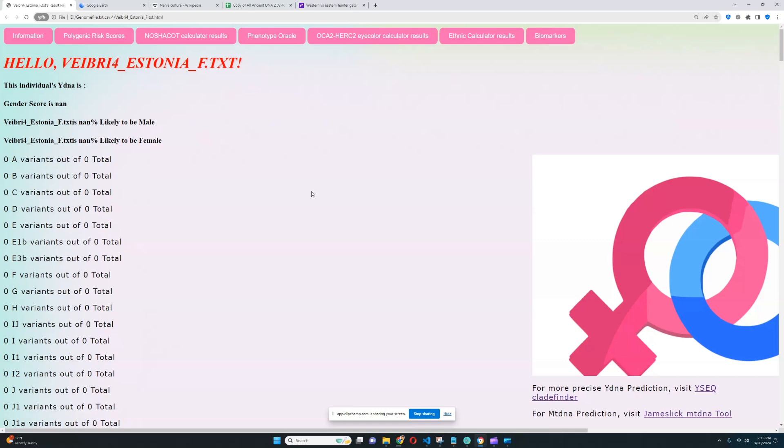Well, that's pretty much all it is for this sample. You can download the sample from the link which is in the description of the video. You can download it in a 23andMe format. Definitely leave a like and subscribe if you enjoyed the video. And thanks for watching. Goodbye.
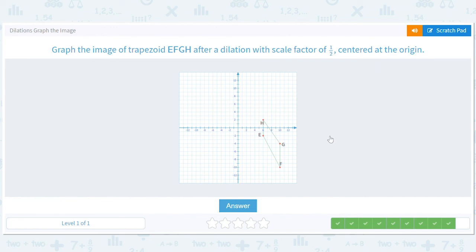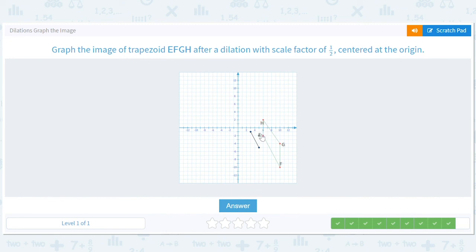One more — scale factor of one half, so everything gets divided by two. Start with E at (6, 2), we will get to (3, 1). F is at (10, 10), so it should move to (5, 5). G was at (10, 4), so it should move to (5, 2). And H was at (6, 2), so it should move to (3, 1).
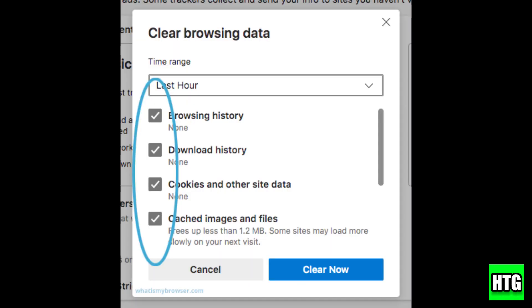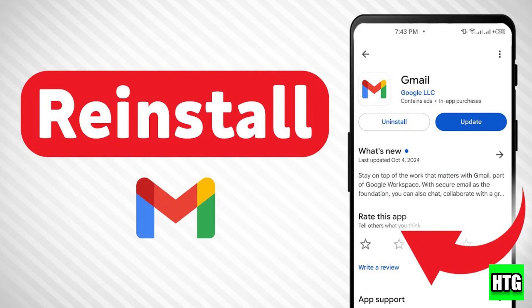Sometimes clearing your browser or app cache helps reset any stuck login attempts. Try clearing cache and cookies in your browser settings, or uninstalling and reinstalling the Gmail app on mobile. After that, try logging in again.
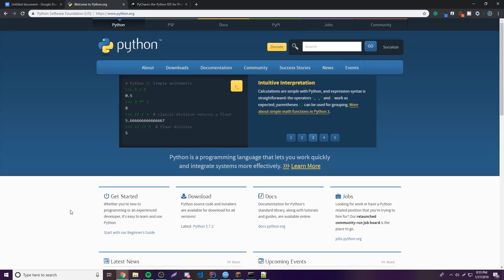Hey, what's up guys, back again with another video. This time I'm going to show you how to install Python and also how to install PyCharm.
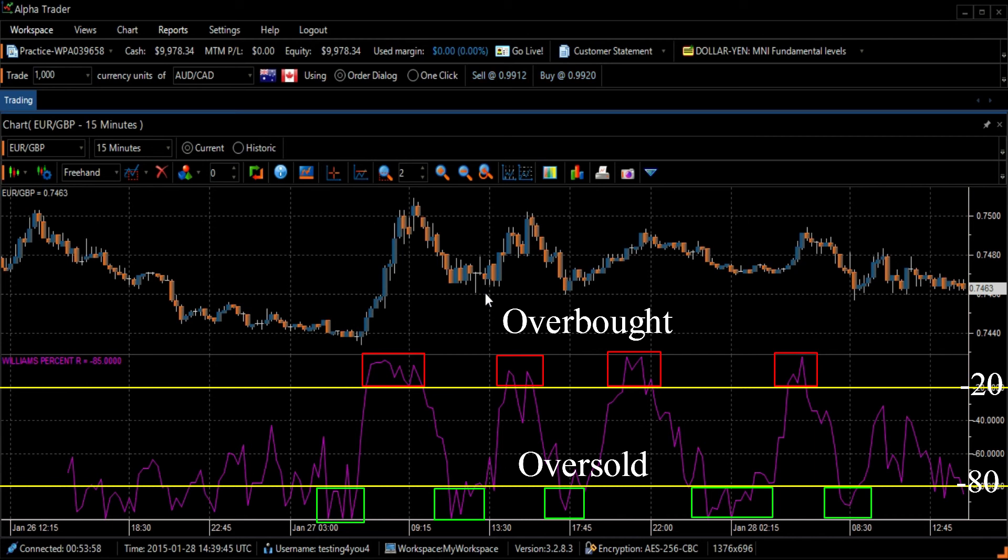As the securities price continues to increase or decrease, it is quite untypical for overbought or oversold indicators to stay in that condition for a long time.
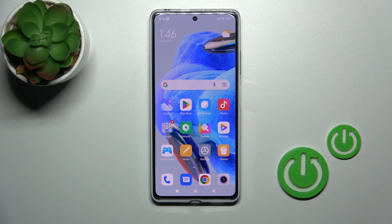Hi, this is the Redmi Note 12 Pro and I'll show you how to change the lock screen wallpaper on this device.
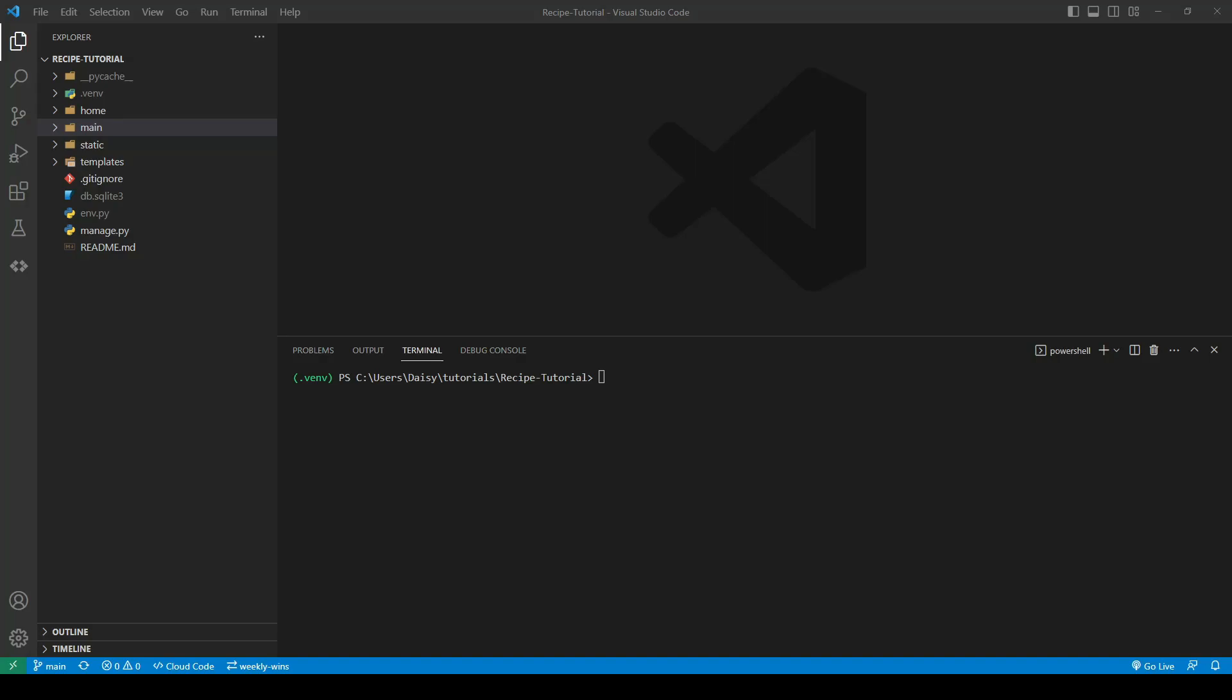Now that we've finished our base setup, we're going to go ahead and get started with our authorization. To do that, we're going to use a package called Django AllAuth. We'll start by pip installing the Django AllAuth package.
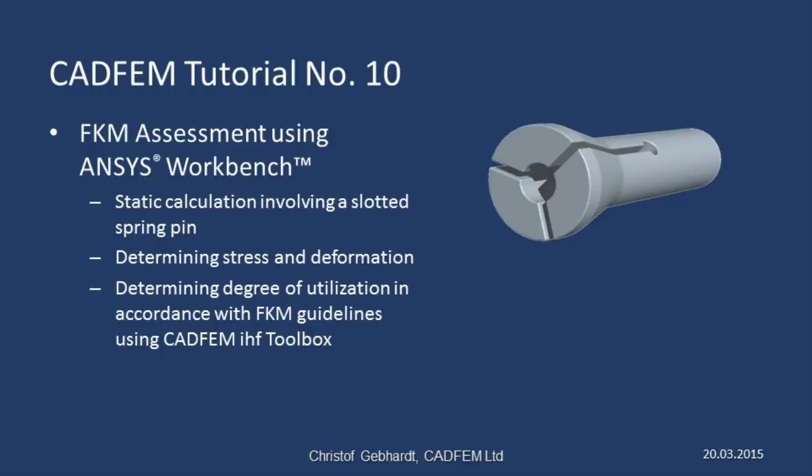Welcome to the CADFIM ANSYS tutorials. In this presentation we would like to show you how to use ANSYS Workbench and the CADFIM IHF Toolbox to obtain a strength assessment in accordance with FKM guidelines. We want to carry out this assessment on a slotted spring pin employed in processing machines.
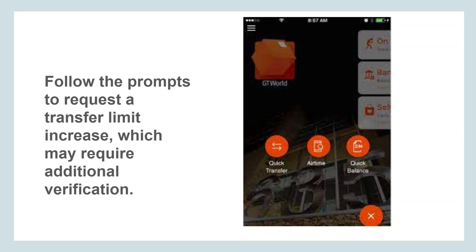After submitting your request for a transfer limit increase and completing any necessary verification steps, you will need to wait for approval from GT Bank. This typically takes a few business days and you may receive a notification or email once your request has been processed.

◆ ◆ ◆ ◆ ◆ ◆ ◆

The problem - Would you please reproduce the entries above, starting at the line with "Sometimes clearing your" and stopping after the line with "Now that we've"? Omit any pictures.

Completed exercise -
Sometimes clearing your browser or app cache helps reset any stuck login attempts. Try clearing cache and cookies in your browser settings, or uninstalling and reinstalling the Gmail app on mobile. After that, try logging in again.
Hey, what's up guys, back again with another video. This time I'm going to show you how to install Python and also how to install PyCharm.
As the securities price continues to increase or decrease, it is quite untypical for overbought or oversold indicators to stay in that condition for a long time.
Hi, this is the Redmi Note 12 Pro and I'll show you how to change the lock screen wallpaper on this device.
Now that we've finished our base setup, we're going to go ahead and get started with our authorization. To do that, we're going to use a package called Django AllAuth. We'll start by pip installing the Django AllAuth package.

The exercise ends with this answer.